Except for one fact: UN Women has very little money. At the start of this year, it had $300 million in operating funds, rather than the $1 billion it was promised or even the $500 million that was supposed to be its bare minimum. President Obama has requested only $8 million for UN Women in his FY2012 budget proposal as the U.S. contribution. Contrast this underwhelming amount with, for example, UNICEF's $3 billion budget, $127 million of which comes from the United States.
UN Women incorporates four separate agencies from throughout the UN system into a streamlined operation, making it a higher-level and more cost-effective option in the long run than the current system. It is mandated to guide other UN agencies in forming policies and global standards for women's equality and ending gender-based violence, helping member countries implement those standards with technical and financial support to governments and civil society, and holding the UN's old-boy system accountable for those commitments and for achieving gender balance itself.
Without stronger U.S. support, UN Women won't be able to do its job. It cannot hope to fulfill U.S. Secretary of State Hillary Clinton's promise that it "will be a powerful force in our shared work to elevate the status of women and girls" and "help millions of people around the world improve their lives." And women around the world do need it: they are still the vast majority of the poor, the hungry and the illiterate worldwide, and are painfully absent from most major global decision-making processes.

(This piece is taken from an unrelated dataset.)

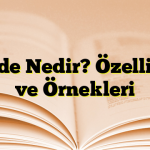 Kaside Nedir? Özellikleri ve Örnekleri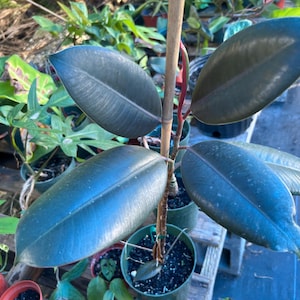 May include: A close-up of a rubber plant with dark green leaves. The plant is potted in a green pot and has a brown stem.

The Obama Administration has said repeatedly that women's rights are key to economic development and to the international stability that is critical for U.S. national security. But by failing to put muscle behind UN Women, the United States is forfeiting two historic opportunities: first, to put women in the global spotlight they deserve, and second, to shape the new agency's agenda.
UN Women could be a formidable presence in Security Council deliberations on war and peacemaking. It could, for example, point out the deep links between military violence and violence against women, such as the mass rapes in Congo and Sudan, and insist that they be taken seriously. It could insist that women have a greater voice in shaping the institutions that make decisions about their lives, such as with Egypt's new constitution. It could focus on the gender aspects of war, peace, migration, global warming, trade agreements, public health policies and religious traditions, and put women firmly at the center of those debates.

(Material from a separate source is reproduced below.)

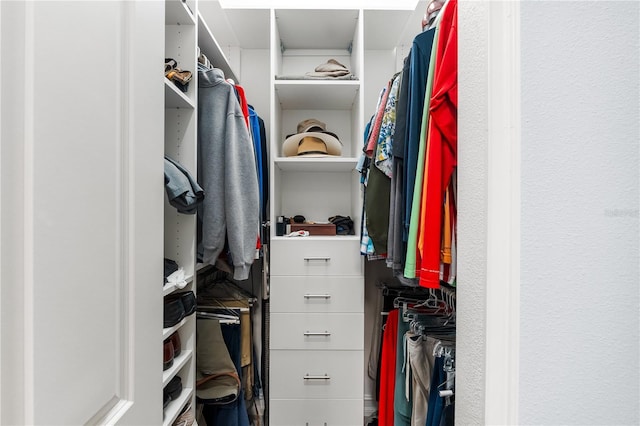 view of walk in closet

UN Women could urge governments to take concrete small-seeming steps that would bring immediate improvement to women's lives, such as getting every woman and female child a birth certificate: without that document, they do not exist, have no rights and cannot obtain services like education or bank credit. Without investments in women, all the other development and poverty reduction goals that world leaders have endorsed at various international conferences do not pay dividends. UN Women could push to make real existing UN covenants that have long promised but failed to deliver greater investments in girls' education, women's health and women's political participation. For the first time, in short, the world's women could have in Michelle Bachelet a smart, focused and powerful international leader focused on their empowerment.
None of this will happen without adequate funding. Women must demand performance from UN Women and demand that their governments put up a share that corresponds to their rhetorical commitment to women's equality. Economies are strained worldwide, but economies will be the first to benefit if women are fully able to participate in all of their nation's activities. UN Women could be the instrument to make this happen, and this is the time to back it.